Apparemment, rien d’aussi spontané que la prière : « Je fais comme les enfants qui ne savent pas lire, je dis simplement au bon Dieu ce que je veux lui dire… La prière, c’est un élan du cœur, c’est un simple regard jeté vers le ciel, c’est un cri de reconnaissance et d’amour au sein de l’épreuve comme au sein de la joie… » (sainte Thérèse de l’Enfant-Jésus [1873-1897], Histoire d’une âme, XI).
Le contact surnaturel avec Dieu
Mais encore faut-il que notre Père prenne les devants et « envoie dans nos cœurs l’Esprit de son Fils qui crie : Abba, Père ! » (Ga 4, 4-7). « L’élément essentiel de l’oraison est le contact surnaturel de l’âme avec Dieu, dans lequel l’âme puise cette vie divine qui est la source de toute sainteté. Ce contact se produit lorsque l’âme, élevée par la foi et l’amour, appuyée sur Jésus-Christ, se livre à Dieu, à sa volonté, par un mouvement de l’Esprit Saint. Aucun raisonnement, aucun effort purement naturel ne peut produire ce contact » (bienheureux Columba Marmion [1858-1923], Le Christ, vie de l’âme, II, X). Mais l’expérience montre que ce « mouvement de l’Esprit Saint » a besoin d’être éduqué.
Pourquoi ? Un bébé n’apprend pas à aimer sa mère, mais il apprend à lui parler, faute de quoi cet amour restera infantile. Quand les disciples demandent à Jésus une méthode, il leur apprend le Notre Père. À partir de là, toute méthode d’oraison commence par la prise de conscience de la présence de Dieu, continue par la représentation mentale de Jésus que nous savons réellement présent à celui qui prie, se prolonge par la méditation de ce qu’il nous dit, en nous aidant de sa Parole dans l’Écriture ou la Tradition, pour s’achever par la mise en œuvre de cette parole dans notre comportement.
« Le secret des secrets en l’oraison, c’est de suivre les attraits en simplicité de cœur. (…) La meilleure prière ou oraison, c’est celle qui nous tient si bien employés en Dieu, que nous ne pensons point à nous-mêmes ni à ce que nous faisons.
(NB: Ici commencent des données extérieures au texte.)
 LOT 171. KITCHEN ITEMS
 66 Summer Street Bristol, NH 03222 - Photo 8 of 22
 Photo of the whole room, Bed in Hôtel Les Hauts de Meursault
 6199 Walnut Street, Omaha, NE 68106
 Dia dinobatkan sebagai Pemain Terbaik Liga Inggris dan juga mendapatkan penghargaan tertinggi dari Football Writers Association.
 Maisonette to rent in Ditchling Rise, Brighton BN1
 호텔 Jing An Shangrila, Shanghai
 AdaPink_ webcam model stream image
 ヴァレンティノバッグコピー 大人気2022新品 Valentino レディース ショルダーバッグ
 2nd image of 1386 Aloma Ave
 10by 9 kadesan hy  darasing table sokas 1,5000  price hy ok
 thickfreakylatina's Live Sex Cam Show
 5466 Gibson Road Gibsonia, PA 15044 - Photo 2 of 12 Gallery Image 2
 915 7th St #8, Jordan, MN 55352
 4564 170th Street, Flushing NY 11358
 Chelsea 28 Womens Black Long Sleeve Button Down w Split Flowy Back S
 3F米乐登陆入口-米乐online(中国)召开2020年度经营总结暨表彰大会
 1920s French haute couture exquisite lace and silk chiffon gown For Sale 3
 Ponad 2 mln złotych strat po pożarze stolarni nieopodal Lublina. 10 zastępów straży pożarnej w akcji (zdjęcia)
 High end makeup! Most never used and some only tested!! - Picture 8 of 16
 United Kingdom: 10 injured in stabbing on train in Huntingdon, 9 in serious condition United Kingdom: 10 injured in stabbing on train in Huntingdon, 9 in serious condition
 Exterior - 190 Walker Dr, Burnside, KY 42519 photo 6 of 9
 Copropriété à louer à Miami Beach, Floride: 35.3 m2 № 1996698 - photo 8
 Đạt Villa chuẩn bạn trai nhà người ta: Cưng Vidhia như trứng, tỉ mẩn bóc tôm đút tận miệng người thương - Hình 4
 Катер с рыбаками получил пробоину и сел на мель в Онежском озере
En somme, il faut aller là simplement, à la bonne foi et sans artifice, pour être auprès de Dieu, pour l’aimer, pour s’unir à lui. Le vrai amour n’a guère de méthode » (saint François de Sales [1567-1622], Lettre 1441).
En réalité, il y aura souvent des allers et retours entre oraison méthodique et oraison plus simple : toute relation d’amour alterne paroles et silence, activité et contemplation ; il faut ici se laisser conduire par la grâce : « Je vous prie de bien remarquer que la pratique des pratiques, le secret des secrets, la dévotion des dévotions, c’est de n’avoir point d’attache à aucune pratique ou exercice particulier de dévotion, mais avoir un grand soin, dans tous vos exercices et actions, de vous donner au Saint-Esprit de Jésus, afin qu’il ait plein pouvoir et liberté d’agir en vous selon ses désirs, de mettre en vous telles dispositions et tels sentiments de dévotion qu’il voudra, et de vous conduire par les voies qu’il lui plaira » (saint Jean Eudes [1601-1680], Vie et Royaume de Jésus, VI, 19).